Prime Minister David Cameron has told Britons the scale of the country’s budget problems is even worse than he had anticipated and cited crisis-hit Greece as an example of the risk of failing to act.
Cameron painted a bleak backdrop two weeks ahead of an emergency budget in which his coalition government will give more details of measures to cut a deficit running at 11 percent of national output.
Giving few details of where cuts will come, he attacked the previous Labour government for economic mistakes over the past decade that he said had left the legacy of a debt crisis.
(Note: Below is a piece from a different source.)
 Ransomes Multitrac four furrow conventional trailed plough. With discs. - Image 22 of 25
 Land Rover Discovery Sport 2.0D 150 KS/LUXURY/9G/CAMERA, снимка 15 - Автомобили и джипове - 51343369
“Greece stands as a warning of what happens to countries that lose their credibility, or whose governments pretend that difficult decisions can somehow be avoided,” Cameron said in a speech in Milton Keynes, central England.
“I want to set out for the country… why the overall scale of the problem is even worse than we thought,” he said, adding that the structural nature of the debt meant “a return to (economic) growth will not sort it out”.
Cameron said the public sector had grown too large under Labour. If no action were taken, within five years its debt-servicing costs would be more than it spends on schools in England, climate change and transport combined.
“Based on the calculations of the last government, in five years’ time the interest we are paying on our debt, the interest alone is predicted to be around £70bn ($101bn). That is a simply staggering amount.”
Cameron said the summit in South Korea of the Group of 20 leading economies had endorsed the steps taken by Britain. The government, which took office in May, has already trimmed £6bn in costs to start to reduce a deficit that reached £156bn in the financial year to April.
In opposition, Labour has warned that cuts planned by the coalition risks killing off a fragile economic recovery and throwing Britain into a double-dip recession.
Cameron acknowledged the cuts to come would hurt a government still enjoying something of a honeymoon with voters.
“This is fraught with danger. This is a very, very difficult thing we are trying to do,” he said in answer to questions at distance learning institute the Open University.
Cameron heads Britain’s first coalition government since 1945, his centre-right Conservatives having teamed up with the smaller Liberal Democrats after the recent election.
Flanked by Lib Dem Treasury minister Danny Alexander, Cameron said the coalition would make it easier to win over the public, saying there were “two parties together facing up to the British people.”
Economist Alan Clarke of BNP Paribas said it was natural for a new government to lay the blame for ills at the door of its predecessor and that the message for the budget was clear.
“Fiscal tightening, spending cuts and tax increases are going to bear down on growth and disposable income. It’s going to hold back growth which is going to hold back inflation. It’s not going to be pleasant for anyone,” Clarke said.
The Treasury is expected to consult on the spending review with the private sector, voluntary organisations, trade unions and the general public.